A demonstration of an ETL pipeline based on NHL APIs.
As a Data Analyst, I want to be able to quickly generate CSV files for a given hockey team or player. The data for these CSV files should come from the API at https://statsapi.web.nhl.com/api/v1/.
The documentation for this API can be found at https://github.com/sportradarus/sportradar-api-challenge.
- Begin a console instance in Visual Studio.
- User is prompted to select Team or Player.
- User is prompted for an ID.
- User is prompted for a year.
- The application sends a request to the appropriate API endpoint.
- The API returns a JSON response with the requested data.
- The application parses the JSON and generates a CSV file with the data.
- User is prompted for a directory path and a file path.
- CSV file is saved to that path, if it is valid.
- Checkout Git repo in Visual Studio 2019.
- Right-click the NHL_API project.
- Choose Debug >> Start New Instance.
- Resources/Enums/PipelineType.cs is an enum of pipeline types, and the code is set up to use switch statements in most places. This would make it easy to expand this application to support other pipeline types, such as a Tournament pipeline.
- Resources/JsonConverters provides a library of custom JSON converters. These are used in this project to serialize the API JSON responses into usable objects. This provides flexibility to handle complex JSON from multiple responses, including things like nested objects as in the case of SeasonJsonConverter, which has a nested serializer for Game entities.
- All required functions are neatly organized into their own Service classes. Not only does this make it easier to find a logical area of the code, it also keeps the main program loop clean and free of minutia. This helps future developers, who are maintaining the code, to quickly and intuitively understand what's happening in the code. It also has the benefit of eliminating code duplication, as these service functions can be re-used in many places.
- Comments. Comments are very near and dear to me, as I feel they break up the monotany of the code and help give a more human-readable flow to the logic. You'll find both function summaries and common comments everywhere in this project.
- Error handling. Try/Catch blocks to print helpful messages and allow the program to gracefully continue in the event of an error.
- If this were a real project for production, I would spend more time on the JSON Converters and their associated Models. They could be fully fleshed out to handle every facet of the API. But for the sake of time and sanity, I just went with the key entities.

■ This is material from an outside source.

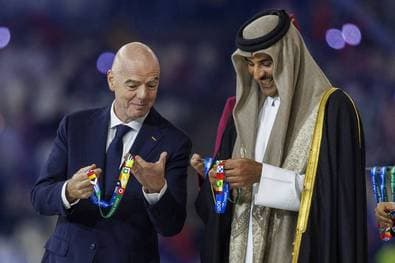 Ein Kontinent kämpft um sein Standing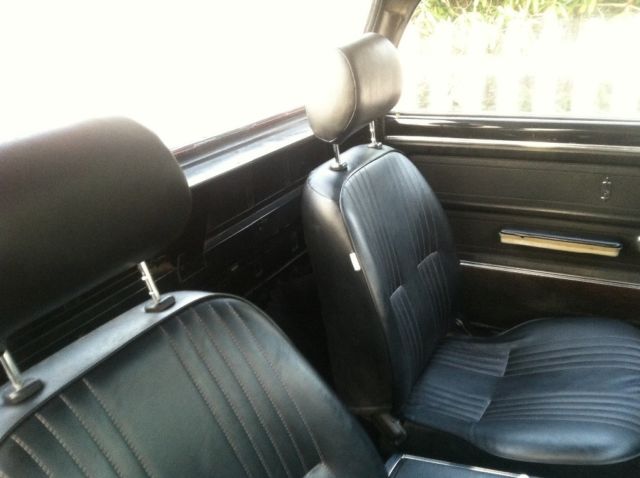 1965 Chevrolet El Camino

- Testing. If this were going to production, I would absolutely write a test for every logical part of this project. But a lot of that is just tedious, and for the sake of this demo, the skills can be demonstrated with just a few tests.
Two tests around the Team pipeline; one to hit the API and compare against some expected values, and another to test a non-existent Team ID to verify the proper exception is returned.
As mentioned above, I would do similar tests for the Player pipeline, but those would just be repitions of the same idea as the Team pipeline tests.
I could also write some tests for other components, such as the JSON converters and the CSV service.